Twelve months of treatment with enalapril did not improve exercise capacity, aortic distensibility, or LV mass and volume. Along with results of large clinical event trials, these findings suggest that inhibiting angiotensin II in patients with stable, compensated HFPEF and controlled blood pressure does not substantially improve key long-term clinical outcomes, contrasting with observations in patients with HFREF, highlighting our incomplete understanding of HFPEF, and suggesting the need for new paradigms for this important and common disorder.
Exercise intolerance is the primary symptom in patients with heart failure and preserved ejection fraction (HFPEF); however, little is known regarding its therapy. This randomized, double-blind, placebo-controlled study examined the effect of 12 months of treatment with the angiotensin-converting enzyme inhibitor enalapril on exercise tolerance and quality of life as well the alterations in left ventricular and arterial function that may contribute to HFPEF pathophysiology. Patients at baseline were stable and compensated and had controlled blood pressure. Contrary to our primary hypothesis, the angiotensin-converting enzyme inhibitor produced no differences in exercise performance, aortic distensibility, or left ventricle mass and volume. There was a trend toward improved quality of life, modest reductions in resting diastolic and peak exercise systolic blood pressures, and mild improvement in carotid arterial distensibility. Doppler measurements of left ventricular diastolic function were not significantly changed. Along with results of large clinical event trials, these findings suggest that using angiotensin II as a therapeutic target in patients with stable, compensated HFPEF and controlled blood pressure does not substantially improve key clinical outcomes; suggest that our understanding of HFPEF may be incomplete; and highlight the need for new treatment paradigms for this important and common disorder.
Sources of Funding
This study was funded by National Institutes of Health (NIH) R37AG18915 and RO1AG12257, The Claude D. Pepper Older Americans Independence Center of Wake Forest University NIH P30AG21332, Research and Development Fund of The Center for Medical Ultrasound, and General Clinical Research Center of the Wake Forest University School of Medicine NIH MO1RR07122.

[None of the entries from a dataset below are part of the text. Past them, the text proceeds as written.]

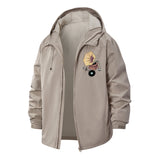 Vintage Gramophone Cat Unisex Full-Zip Printed Waterproof Hooded Windbreaker
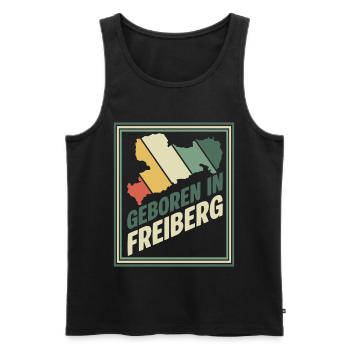 Geboren in Freiberg - Männer Premium Bio Tank Top - Schwarz - Vorne - AI Model Male 178 light (178cm)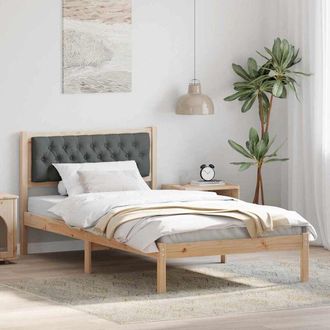 vidaXL Bed Frame with Headboard Dark Grey 100 x 200 cm Solid Pine Wood vidaXL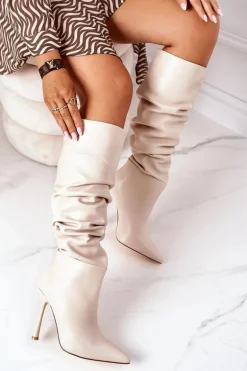 Ocieplane Kozaki Na Szpilce Beżowe Dionne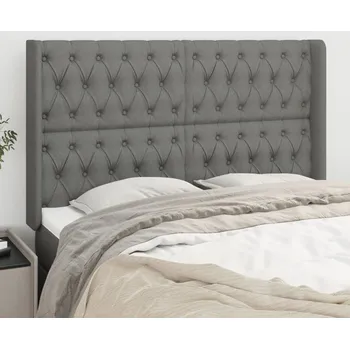Čelo postele typu ušák tmavě šedé 163x16x118/128 cm textil IM_3119923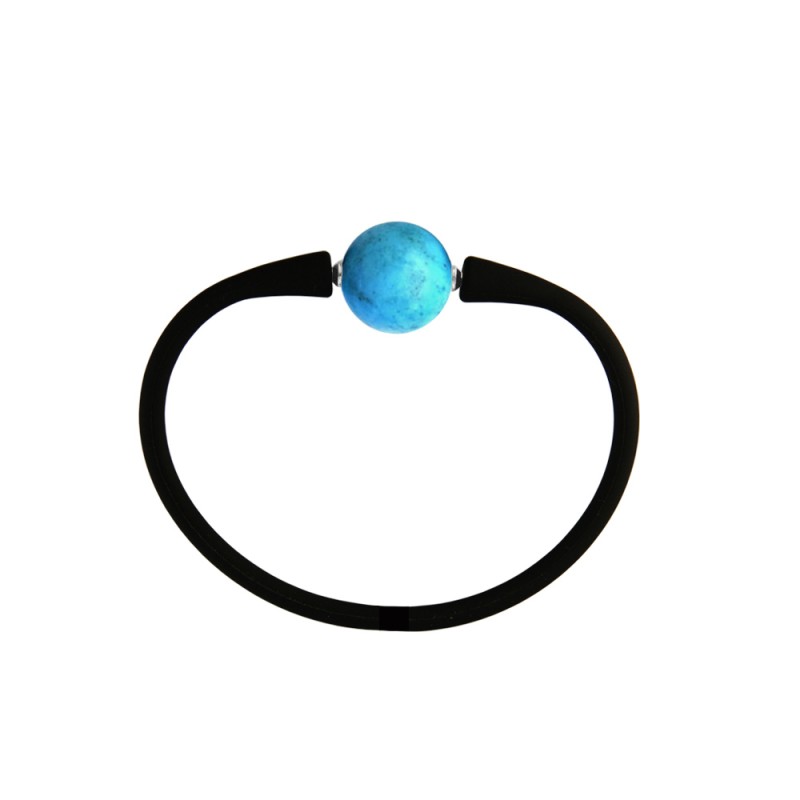 Βραχιόλι με Turquoise 14,0mm Black Elastic Silicon - M122358TBRC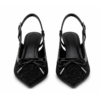 Women’s Black Bow Slingback Pointed-Toe Heels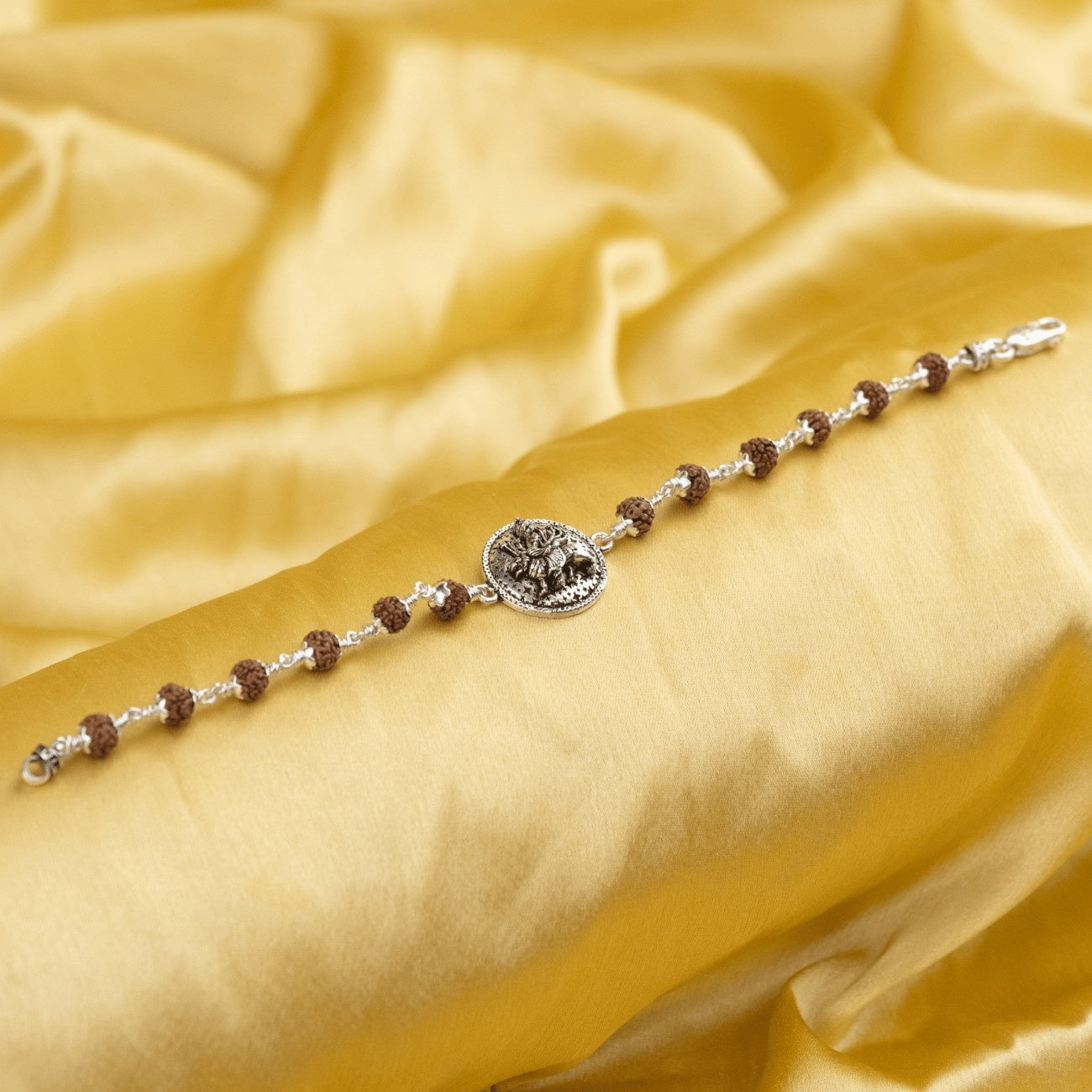 Rudraksha With Ambe Maa on Round Silver Broach Bracelet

The authors have disclosed the following potential financial conflicts of interest: Dr Kitzman has served as consultant for and received grant support from Synvista (>$10 000), Bristol-Meyers Squibb (>$10 000), Novartis (>$10 000), Boston Scientific (>$10 000), Relypsa (>$10 000), Forest Laboratories, and Medtronic. Dr Little has served as consultant for CorAssist Cardiovascular Ltd, Celladon, Boston Scientific, Medtronic (>$10 000), Bio-Control Medical, CVRx (>$10 000), Amylin Pharmaceuticals, Gilead, and Bristol-Meyers Squibb (>$10 000). Drs Hundley, Brubaker, and Morgan; Mr Moore; and Ms Steward report no conflicts.